Work instructions
From the line containing "This calculator is" down to the line containing "That pressure gradient", copy out the entries below exactly, both lines included, and nothing else; pictures do not belong in the copy.

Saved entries
Segment Open

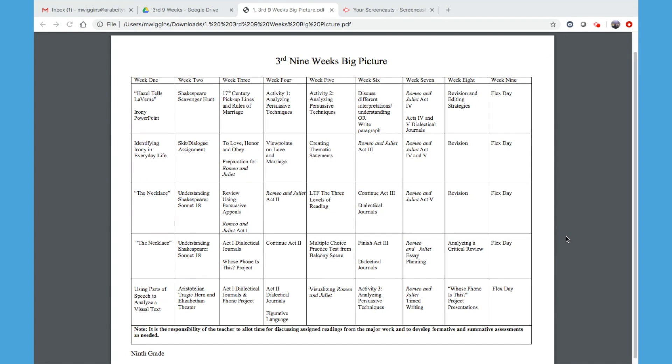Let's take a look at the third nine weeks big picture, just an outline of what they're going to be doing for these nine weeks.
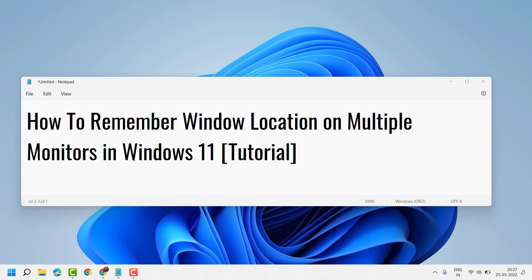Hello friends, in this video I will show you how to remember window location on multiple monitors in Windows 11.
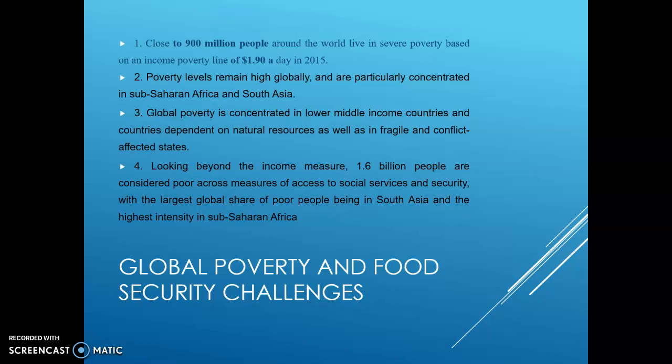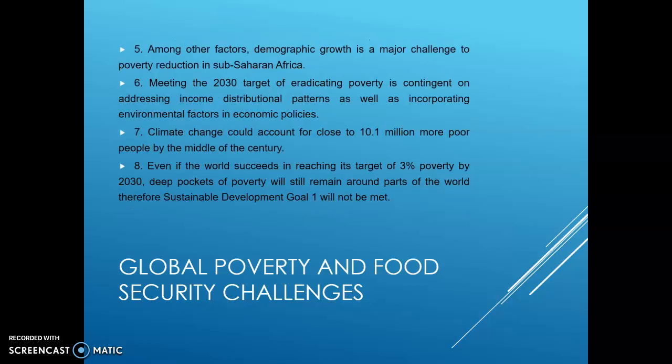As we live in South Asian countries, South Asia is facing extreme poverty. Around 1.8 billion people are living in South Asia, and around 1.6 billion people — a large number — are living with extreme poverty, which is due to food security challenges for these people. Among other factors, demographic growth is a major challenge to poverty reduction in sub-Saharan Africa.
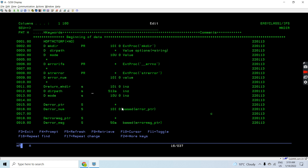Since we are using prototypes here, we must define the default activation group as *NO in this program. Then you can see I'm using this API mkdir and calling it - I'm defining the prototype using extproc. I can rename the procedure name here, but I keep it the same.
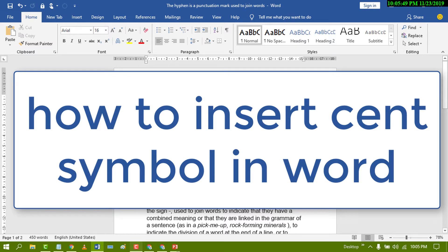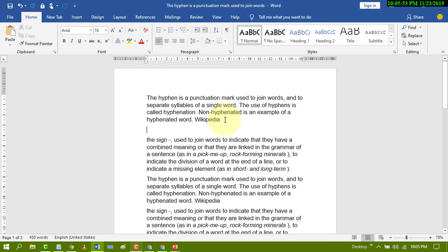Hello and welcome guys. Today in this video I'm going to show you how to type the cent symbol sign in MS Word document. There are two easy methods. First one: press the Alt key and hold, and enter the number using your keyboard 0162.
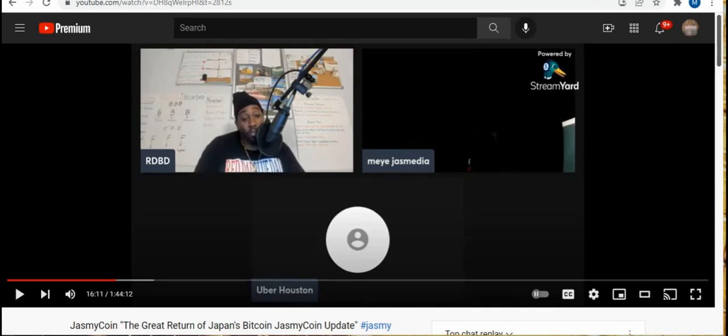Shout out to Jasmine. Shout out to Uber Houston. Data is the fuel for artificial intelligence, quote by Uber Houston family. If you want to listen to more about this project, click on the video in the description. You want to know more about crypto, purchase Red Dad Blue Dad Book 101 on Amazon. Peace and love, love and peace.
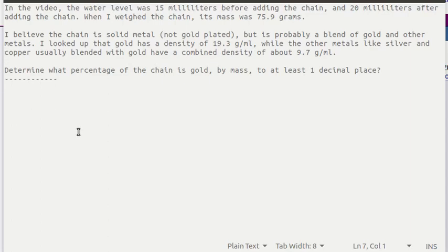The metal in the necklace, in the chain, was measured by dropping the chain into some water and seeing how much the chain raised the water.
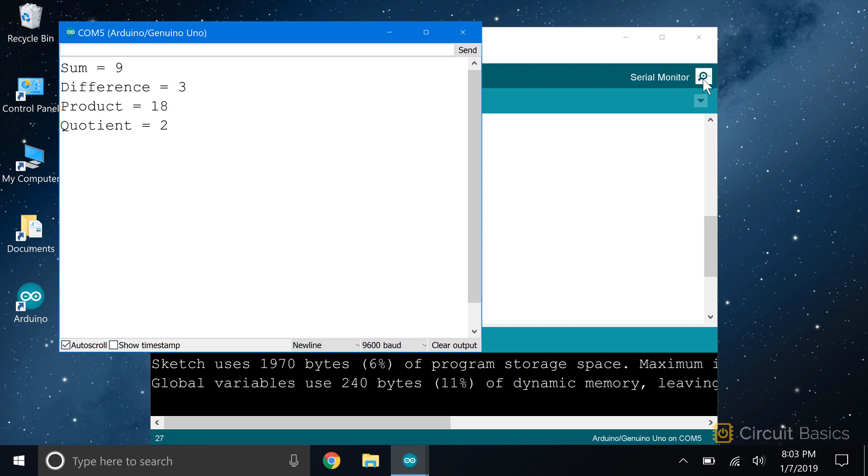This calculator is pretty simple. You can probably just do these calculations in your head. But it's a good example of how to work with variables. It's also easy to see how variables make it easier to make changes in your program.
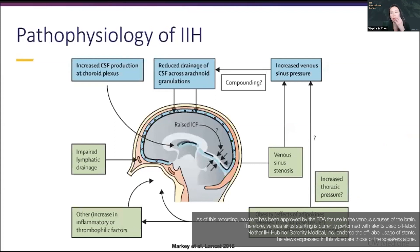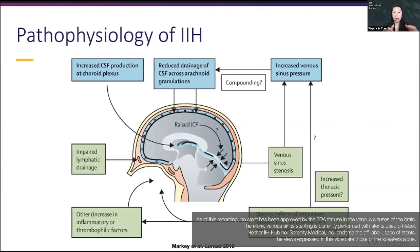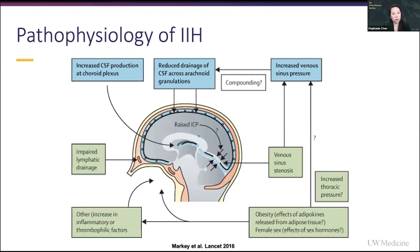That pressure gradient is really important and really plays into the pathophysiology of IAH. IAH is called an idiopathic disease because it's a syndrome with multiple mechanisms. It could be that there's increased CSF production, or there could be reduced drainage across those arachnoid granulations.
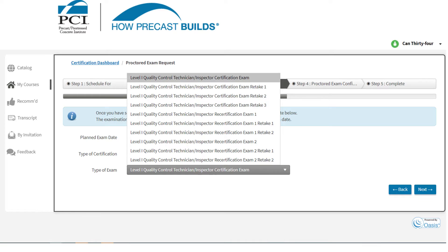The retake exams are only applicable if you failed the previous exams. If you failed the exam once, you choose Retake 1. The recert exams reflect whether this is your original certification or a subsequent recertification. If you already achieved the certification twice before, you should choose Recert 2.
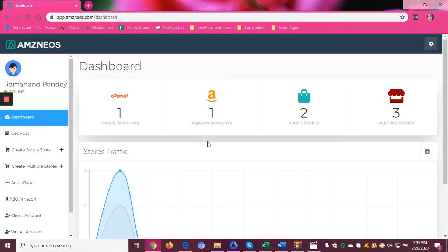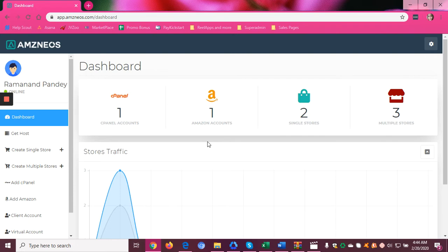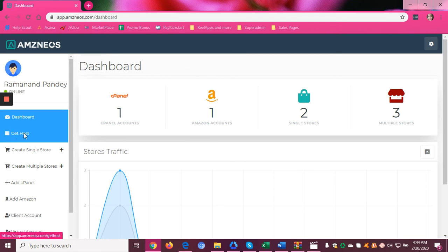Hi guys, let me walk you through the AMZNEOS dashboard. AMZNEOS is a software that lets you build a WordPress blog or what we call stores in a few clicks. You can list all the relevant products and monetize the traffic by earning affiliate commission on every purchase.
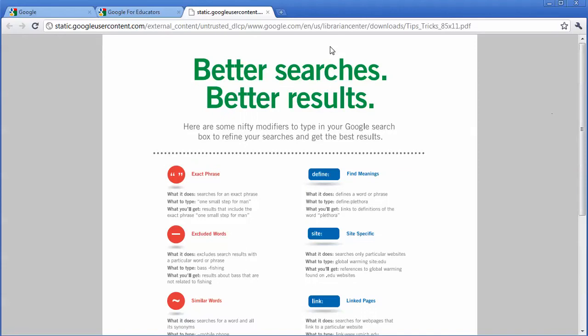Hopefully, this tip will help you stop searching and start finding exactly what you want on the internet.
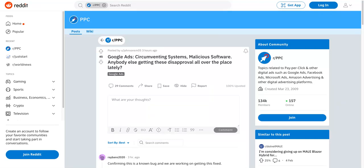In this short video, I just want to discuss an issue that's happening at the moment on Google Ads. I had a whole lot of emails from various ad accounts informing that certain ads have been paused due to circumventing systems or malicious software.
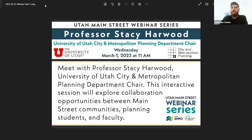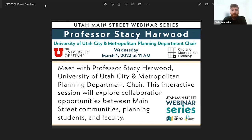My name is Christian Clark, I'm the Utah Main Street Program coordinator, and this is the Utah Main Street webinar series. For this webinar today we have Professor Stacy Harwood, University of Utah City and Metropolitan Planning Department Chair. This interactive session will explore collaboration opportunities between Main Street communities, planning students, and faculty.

Segment Closed

Response area
This calculator is pretty simple. You can probably just do these calculations in your head. But it's a good example of how to work with variables. It's also easy to see how variables make it easier to make changes in your program.
That pressure gradient is really important and really plays into the pathophysiology of IAH. IAH is called an idiopathic disease because it's a syndrome with multiple mechanisms. It could be that there's increased CSF production, or there could be reduced drainage across those arachnoid granulations.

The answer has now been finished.